◆ **Task to complete**
Only one stretch of the data should be retyped: the lines from the line containing "These are the different" through the line containing "What's up guys, Mark". Keep pictures out of it.

════════════════

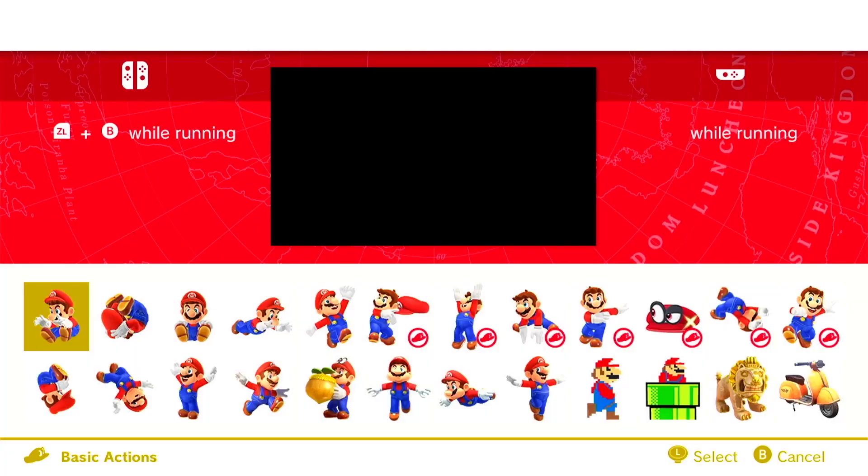Hi everyone! Today we're gonna be trying to replicate Mario's dive mechanic in Game Builder Garage.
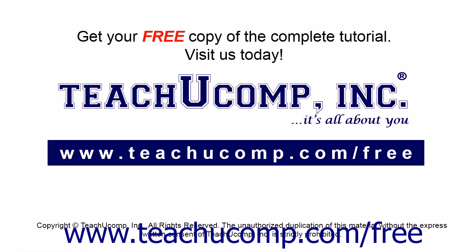Get your free copy of the complete tutorial at www.teachucomp.com/free.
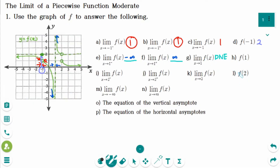Number h: when x is exactly 1, f(1) is not defined. So number h answer is does not exist.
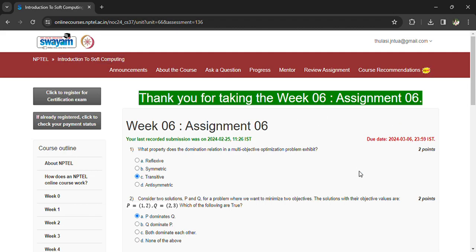Welcome back. Coming to Assignment 6 of Introduction to Soft Computing, let's see the questions one by one.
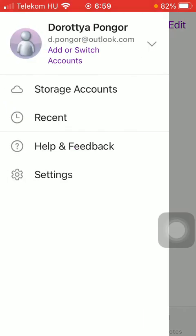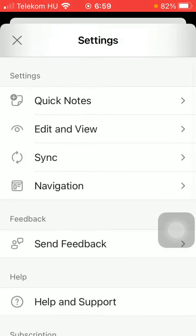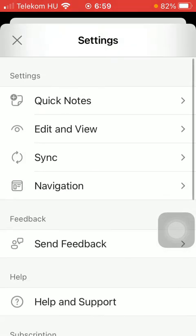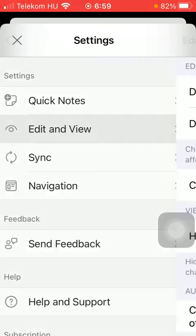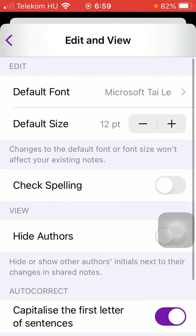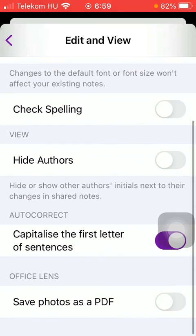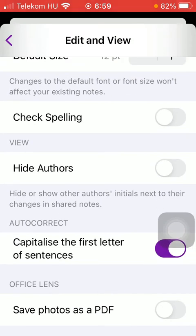After that, tap on the settings option down below. Here, click on Edit and View, which is the second option. Scroll down till you find this Check Spelling function.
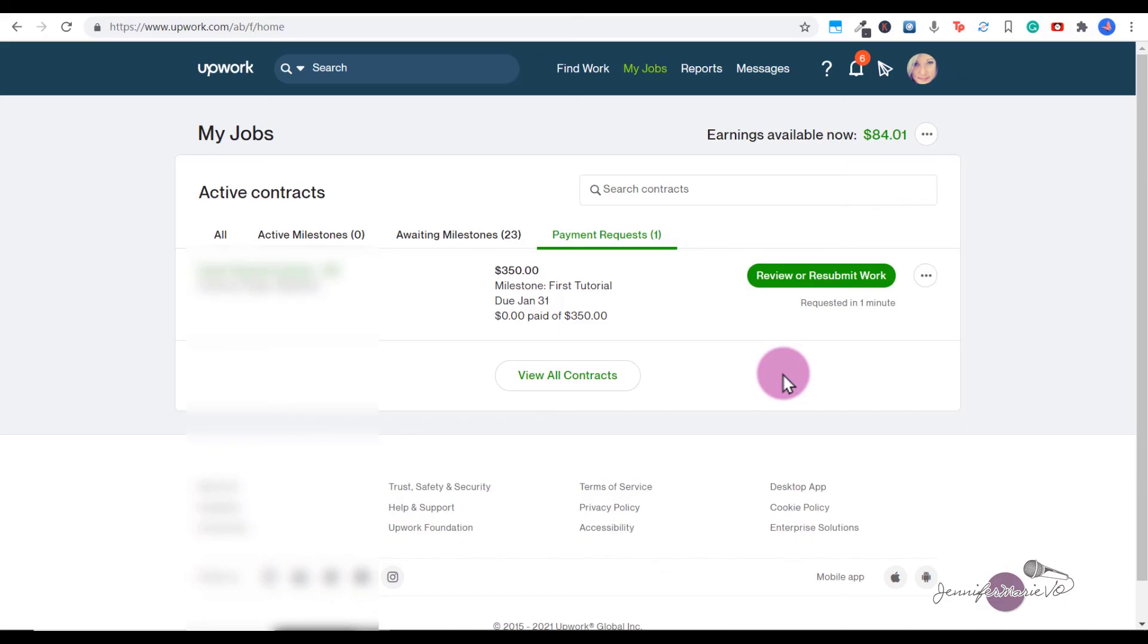Okay, so this has just been a really quick video showing you how to submit a request for payment. Make sure to check out all my different tutorials on how to use Upwork. Thanks for watching and I'll see you in my next tutorial.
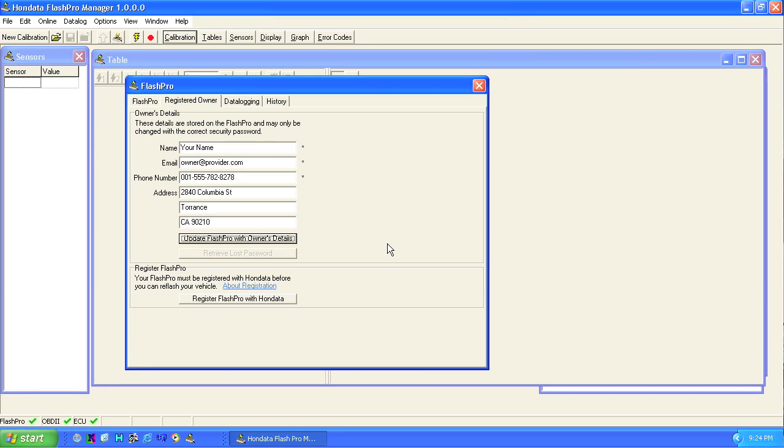Make sure you have an internet connection, then click the button register Flash Pro with Hondata.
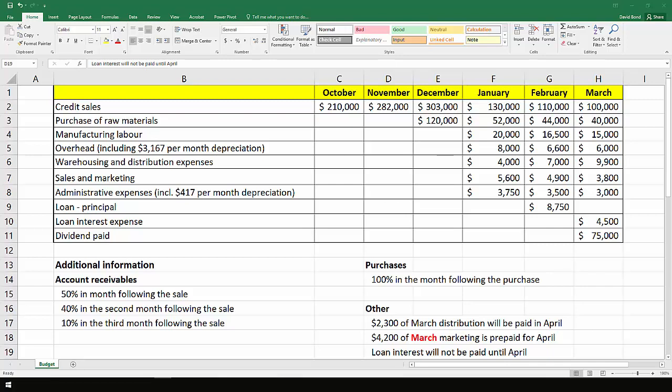In this example we're going to be looking at creating a cash budget. To do that we're going to have to firstly work out the cash receipts and then work out the cash payments that have been made in the three months January to March.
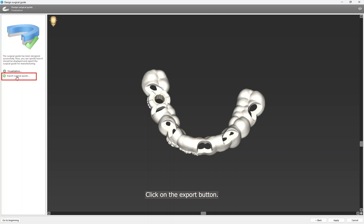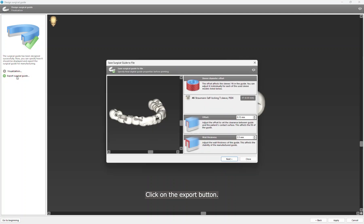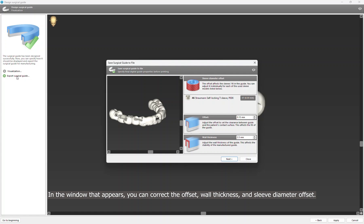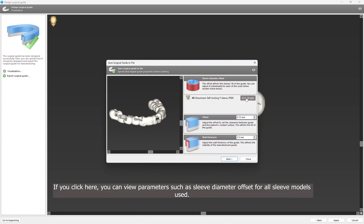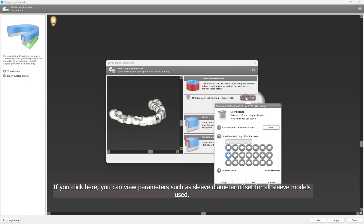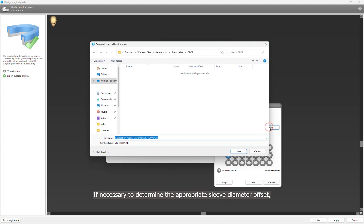Click on the Export button. In the window that appears, you can correct offset, wall thickness, and sleeve diameter offset. If you click here, you can view parameters such as sleeve diameter offset for all sleeve models used. If necessary, to determine the appropriate sleeve diameter offset, you can export a so-called calibration matrix.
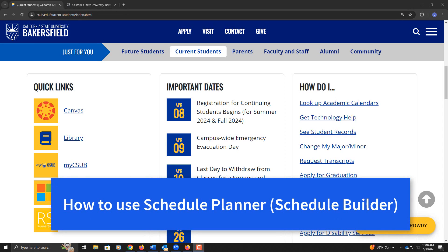In this tutorial, I will be showing you how to use Schedule Planner, also known as Schedule Builder, to create a custom schedule, add it to your shopping cart, and enroll in your courses.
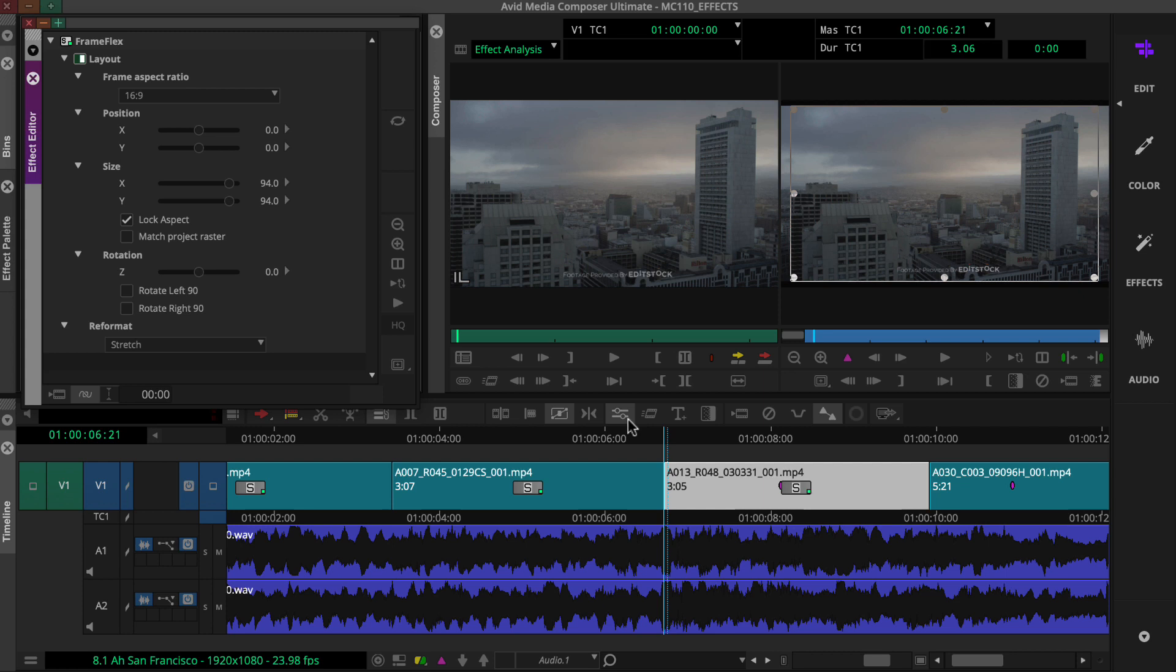With this setup, the left monitor becomes an effect analysis monitor that displays a preview of the finished effect. And the right effect preview monitor displays a wireframe outline for direct manipulation.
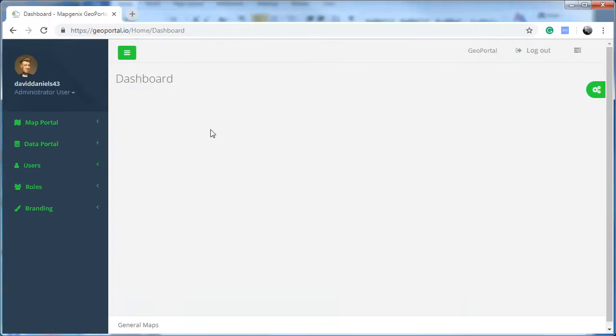You will see the dashboard as the main section, and on the left side, the left panel with the different elements.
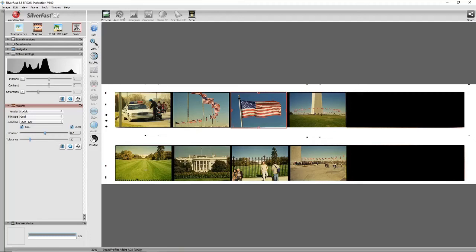This is the Silverfast scanning software version 8.8. Since I bought my Epson V600 scanner, I've just been using the Epson software that came bundled with the scanner.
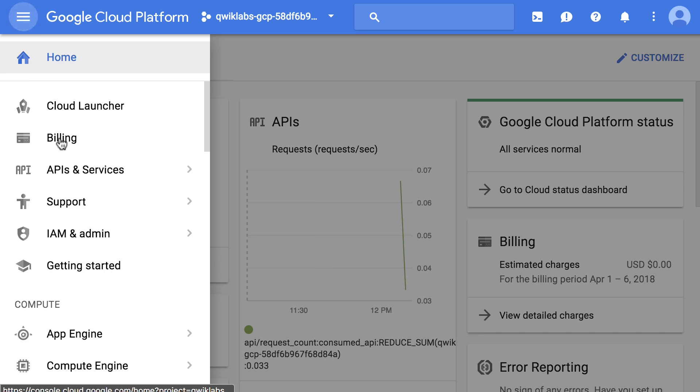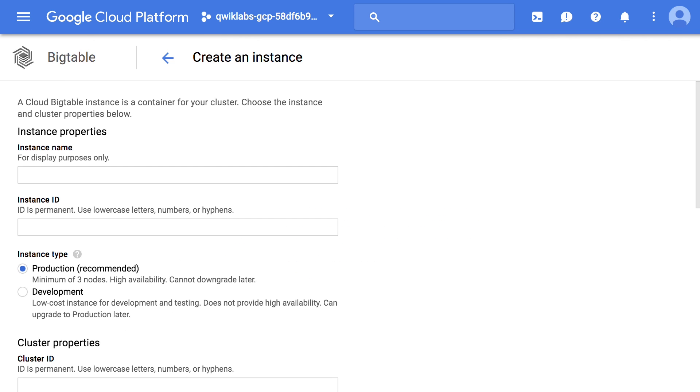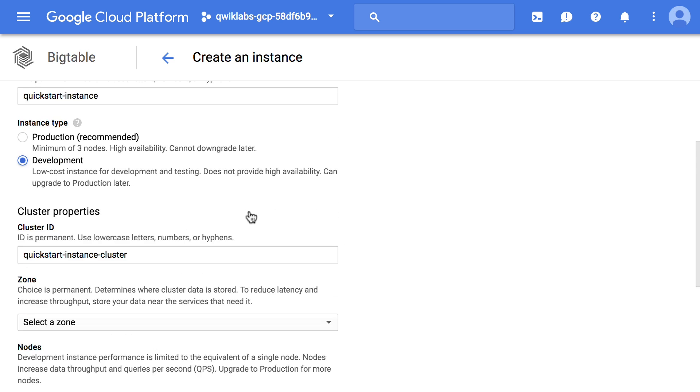In this hands-on lab, you'll use the CBT command line utility to connect to a Cloud Bigtable instance and read and write data in a table. You can check out the link to start the Quick Lab here. You will need to set aside about 30 minutes to complete it. So far in the lab, we've created a Cloud Bigtable instance and configured CBT to use your project and instance by modifying the .cbtrc file.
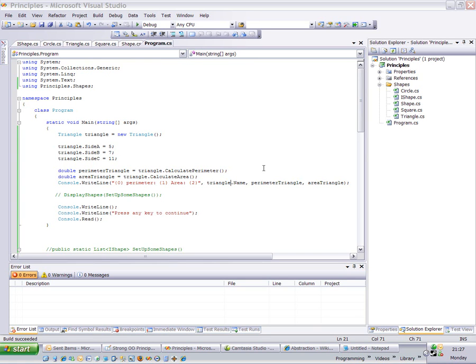In this short video I'm going to be looking at polymorphism. I feel this is a sometimes misunderstood concept.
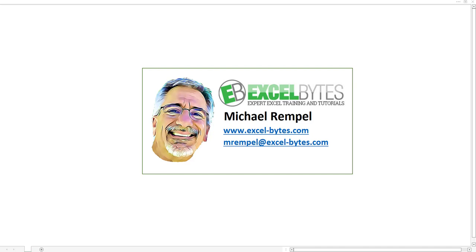Hello everyone, Mike Rempel from Excel Bytes with today's Excel Bytes blog post. Today we're going to take a look at how to extract the top X number of values in descending order from a list and also include all of those if there happens to be items that have the same value. So let's see how we can do that in Excel.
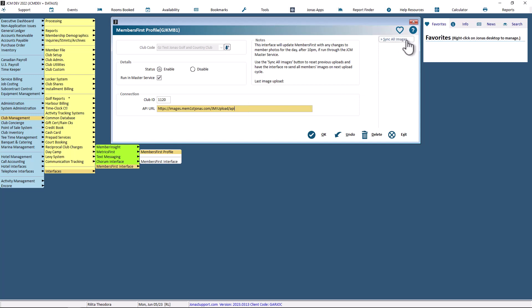You can also use the Sync All Images button to reset any previous uploads and have the system reset all images on the next update cycle.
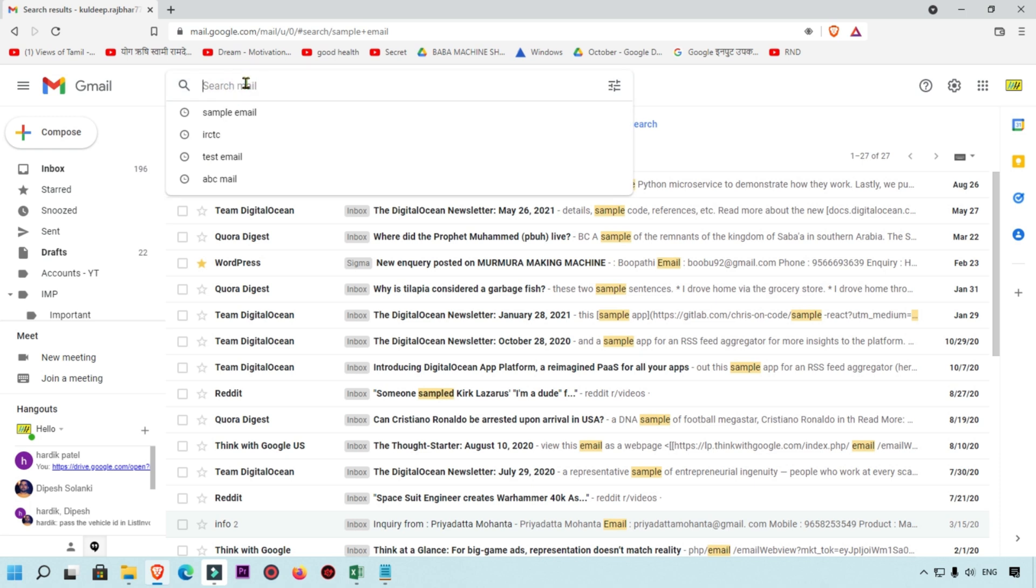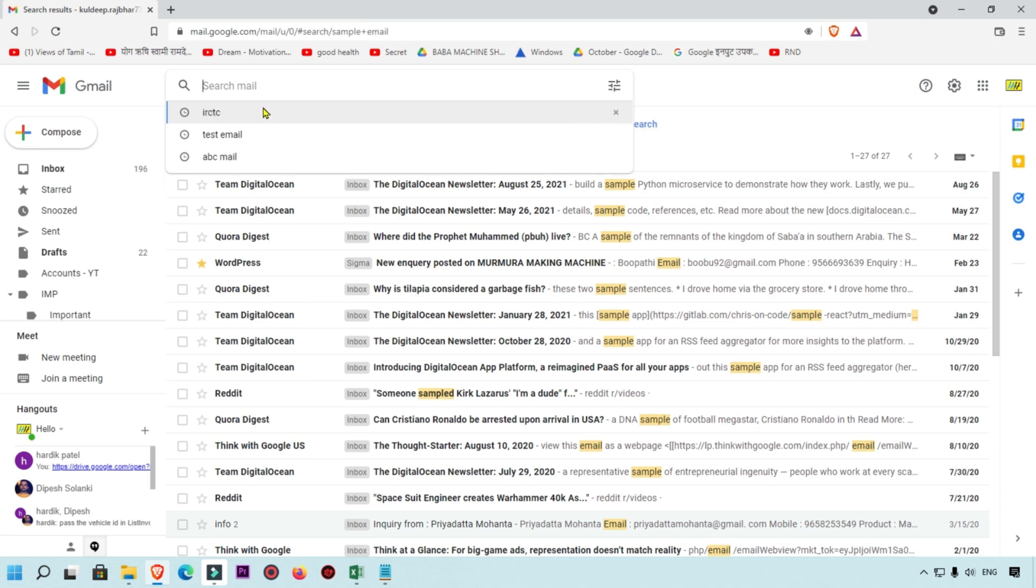First of all, click on this search bar and whenever you hover the mouse on the search history, you will see this X mark in your search history. Simply click on that. Whichever search history you want to remove, simply click on this X mark.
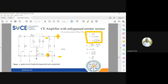Voltage gain Av is output voltage divided by input voltage. The output voltage expression has vi in it, so vi cancels with the input voltage. Therefore Av equals minus hfe times Rc divided by zb. This is the actual expression for voltage gain.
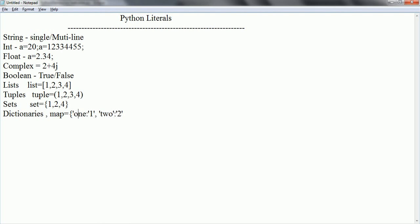These are the different types of literals which are available you can use while working with Python programming language. We are going to see in detail about all the literals in later sessions. For now we hope we get the basic idea on what are Python literals and what different types are available. Thanks for watching.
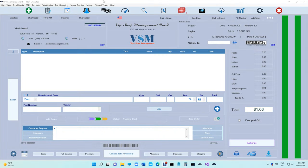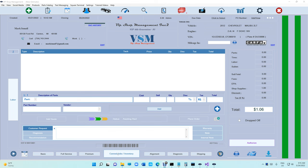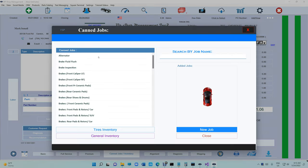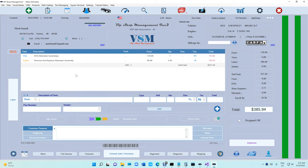What's up guys, Mark here from VIP Shop Management. This is just an example of what I was talking about yesterday on that video. So let's add a job right here. I have an alternator and I want to add an alignment.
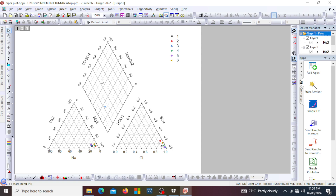Then you have the diamond-shaped field in the center showing the concentration of all these components — your cations and your anions. The Piper plot is usually useful to identify water type — whether it is fresh, seawater, or brackish — and also for determining the dominant ions in the water sample, which we are going to show in this video.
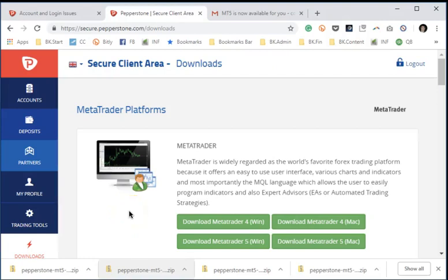Hey everybody, Boris Schlossberg. Today I'm going to show you how to install the AutoChartist plugin for MetaTrader 5.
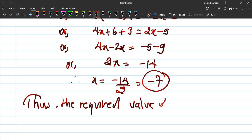Thus the required value of x is −7. So these are the Type 3 maximum questions. From 2007 to 2075, these types of questions appear regularly in the exam. That's it for today's questions.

════════════════

◆ **Expected output**
These are the different types of literals which are available you can use while working with Python programming language. We are going to see in detail about all the literals in later sessions. For now we hope we get the basic idea on what are Python literals and what different types are available. Thanks for watching.
What's up guys, Mark here from VIP Shop Management. This is just an example of what I was talking about yesterday on that video. So let's add a job right here. I have an alternator and I want to add an alignment.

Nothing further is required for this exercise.